From the many, largely overlapping answers I conclude that Miss Fidditch is the mythical American school teacher representing the prescriptive tradition in grammar teaching. She was often evoked by the Post-Bloomfieldians as representing the opposite to their own view of language.
A number of people pointed me to Martin Joos and more in particular his "The Five Clocks". The Oxford English Dictionary gives "Miss Fidditch" in the entry for "Miss", with Joos's Five Clocks as the source of the first quotation. However, this work dates from 1962, i.e. eight years after my quotation from Hockett. The expression must have been around before 1954, because Hockett assumes his readers know it. In a preface to Joos's "Five Clocks" that the OED dates to 1967, Albert H. Marckwardt gives the following information about its origin:
''Although Joos mentions Shaw, Goethe, and Wolfram and ignores Ovid, what he has written is one of the Metamorphoses. He begins with Miss Fidditch, a character originally named by Henry Lee Smith, Jr., in one of his more devastating moments but described by H. L. Mencken two decades earlier as one the old-maid schoolteachers who would rather parse than eat. As she is described here, 'Webster is one Webster, and Miss Fidditch is his prophet.' At the end she emerges as Candida, and if she has not quite acquired the divine insight of her prototype, she has begun to distinguish between reality on the one hand and follies, illusions, and vanity on the other. ... '' (p.xiv)
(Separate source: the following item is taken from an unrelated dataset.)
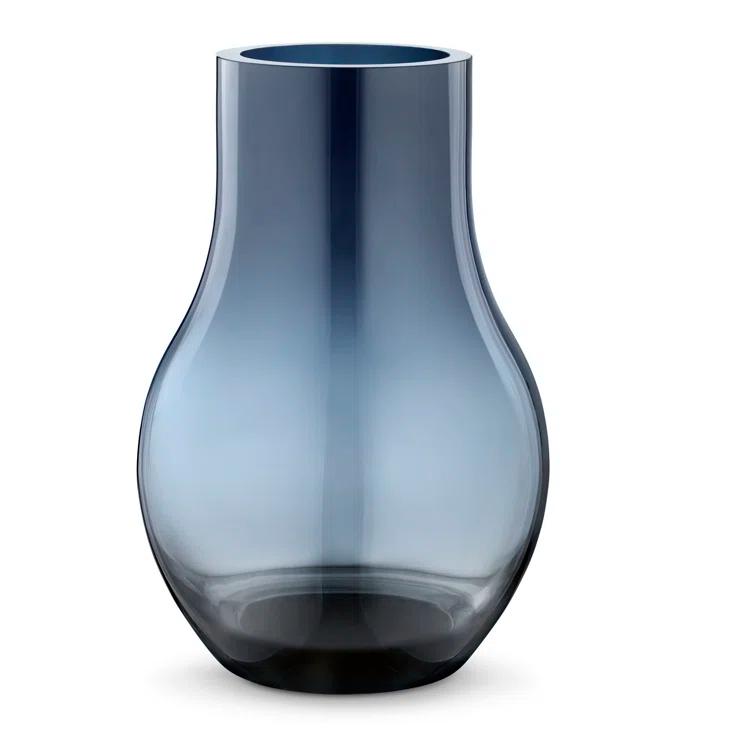 Scandinavian Blue Glass Cafu Table Vase - 8.5" H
I have not been able to find "Miss Fidditch" in Mencken's "The American Language" but I might have overlooked it. I am not sure whether H.L. Smith published what Marckwardt refers to, but if anyone has additional information, in particular a quotation from before Hockett, I would be happy if they could let me know.
I would like to thank the following people for their replies: Wayles Browne, Ed Burstynsky, Paul Chapin, Peter T. Daniels, Scott DeLancey, Stefan Dyla, Harry Feldman, Nancy Frishberg, Clyde Hankey, Earl M. Herrick, Claire Hiscock, John M Lawler, Stuart Luppescu, Geoff Nathan, Marc Picard, Amara Prasithrathsint, Harold F. Schiffman, Michael Silverstein, Herbert F.W. Stahlke, N. Wiedenmann, Job M.van Zuijlen. Special thanks are due to Michael Silverstein for the quote from Joos, which is not in our library, and to Wayles Browne who pointed me to the OED.